I miss maps.
You know, the paper kind. The ones that were folded in ways that made it impossible to refold once opened for actual use. And the big road atlas that lived in my battered old Subaru for years and helped me drive across the country from Wisconsin to California to Arizona and most of the national parks between.
When I arrived at the Charlotte airport last week I had no idea how to get where I needed to go, and the GPS on my phone was no help. Siri wasn’t even speaking to me (have you ever sworn at Siri? Try it—fun!) so I pulled into a 7-11 to get a map.
“Sorry, we don’t sell maps. Don’t you have a GPS?”
“It’s not working. Do you know which highway I take to get to Sparta?”
“You mean, Spartanburg, right?”
“No, Sparta.”
“There’s no such place in North Carolina.”

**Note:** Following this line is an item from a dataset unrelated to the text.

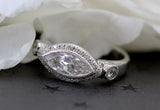 Marquis Diamond Engagement Ring ~ Hand Crafted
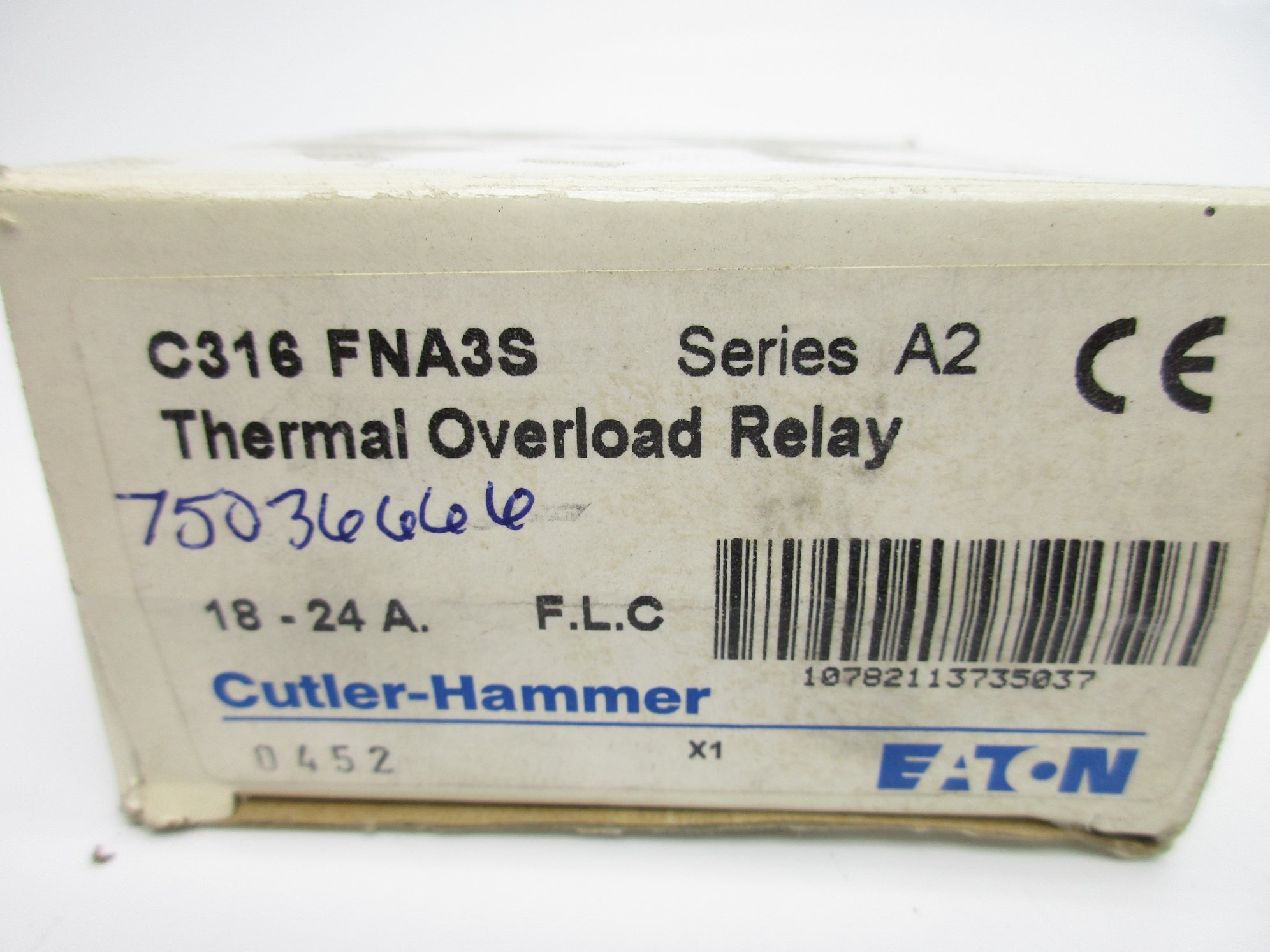 CUTLER HAMMER C316FNA3S SER. A2 690V 18-24A NSMP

Ok, I’ve been to Sparta at least a few times so it definitely exists, but this clerk was pretty sure I was looking for a town in another state. Or country. She grabbed the FedEx guy who had just blocked in my rental Hyundai in the parking lot.
“Do you know where Sparta is?”
“You mean Spartanburg, right?”
After some more convincing that it really is a place, and it’s in the state we’re in, the clerk looked it up on her own phone. Voila! It is a real place! I took a picture of her screen with the directions I needed to get me somewhere closer to my destination.

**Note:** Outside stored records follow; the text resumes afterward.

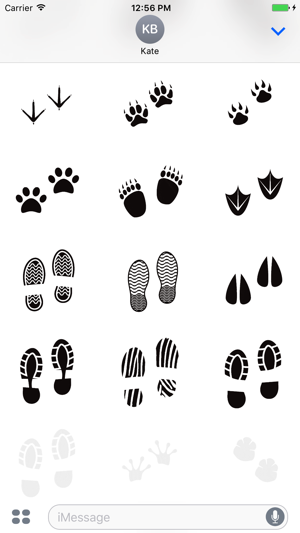 Animated Cute Footprint Stickers(圖3)-速報App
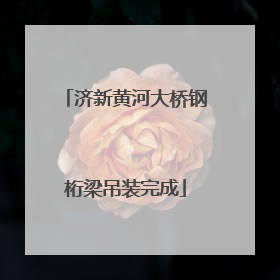 济新黄河大桥钢桁梁吊装完成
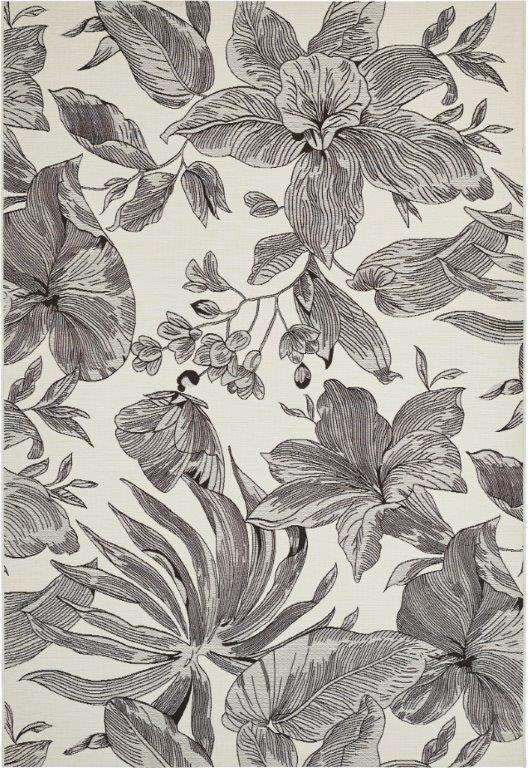 UTOMHUSMATTA Milano  - beige/grå, Klassisk, textil (123/180cm) - Ambia Garden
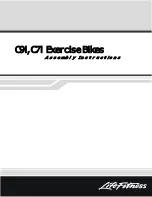 Preview for 1 page of Life Fitness Lifecycle C7i Assembly Instructions Manual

The thing about maps – real maps – is that they show you not only the route to your destination but the bigger picture, the context of your journey. With a map I get to see which mountains I’m traveling through, the name of the river I’m crossing, where I’m going relative to the nearest city or neighboring state. I like to know how my trip fits into the bigger picture of things.
The same is true in life, isn’t it? We each track our journey through time in a linear way. You’re born, you grow up, go to school, maybe to college, get a job, maybe have a family, live through love and loss and growth and change, then you die. All in the forward moving line of time. But as we travel along this line of our lives, stepping back to see the bigger picture is invaluable.
When, after at least a few missteps on the highway and Blue Ridge Parkway, I finally arrive at my yes-it-is-a-real-place Sparta. After hugs all around, I settle in to enjoy the holidays with my son, his father and wife (the father’s wife, not my son’s) and kids (my son’s half-siblings) in our very 21st century family (do you need a family tree-map to follow this?). I look around and am struck by how my life has followed no path ever created by Good Housekeeping magazine.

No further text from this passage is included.